**SUPPLIED RECORDS**
------------------------------

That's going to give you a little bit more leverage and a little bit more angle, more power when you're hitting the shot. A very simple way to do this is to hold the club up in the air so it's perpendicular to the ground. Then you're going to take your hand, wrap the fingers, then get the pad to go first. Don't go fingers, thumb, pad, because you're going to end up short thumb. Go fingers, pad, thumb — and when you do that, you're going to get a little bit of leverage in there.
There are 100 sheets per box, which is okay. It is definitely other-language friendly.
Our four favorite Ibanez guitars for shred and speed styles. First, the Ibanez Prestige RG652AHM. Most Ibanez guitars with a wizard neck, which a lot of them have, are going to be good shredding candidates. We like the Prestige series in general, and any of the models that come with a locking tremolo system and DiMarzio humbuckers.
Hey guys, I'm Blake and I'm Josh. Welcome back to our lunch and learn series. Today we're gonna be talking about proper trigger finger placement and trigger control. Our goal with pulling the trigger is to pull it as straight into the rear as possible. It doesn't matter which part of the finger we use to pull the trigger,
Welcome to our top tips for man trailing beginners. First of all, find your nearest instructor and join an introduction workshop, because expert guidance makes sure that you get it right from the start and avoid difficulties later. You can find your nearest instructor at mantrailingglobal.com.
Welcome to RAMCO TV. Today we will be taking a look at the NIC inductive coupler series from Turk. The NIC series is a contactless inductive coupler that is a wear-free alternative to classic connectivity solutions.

------------------------------

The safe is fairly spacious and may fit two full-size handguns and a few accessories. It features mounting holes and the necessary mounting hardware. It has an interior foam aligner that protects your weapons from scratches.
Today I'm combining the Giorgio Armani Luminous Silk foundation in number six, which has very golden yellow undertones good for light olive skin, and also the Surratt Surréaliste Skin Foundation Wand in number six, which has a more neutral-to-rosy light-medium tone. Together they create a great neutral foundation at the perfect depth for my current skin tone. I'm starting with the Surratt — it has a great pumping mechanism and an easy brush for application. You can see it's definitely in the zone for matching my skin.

------------------------------

**WHAT YOU SHOULD DO**
In how many lines of the data above does the word "your" occur? Only the number is wanted.

**EXERCISE SOLUTION**
3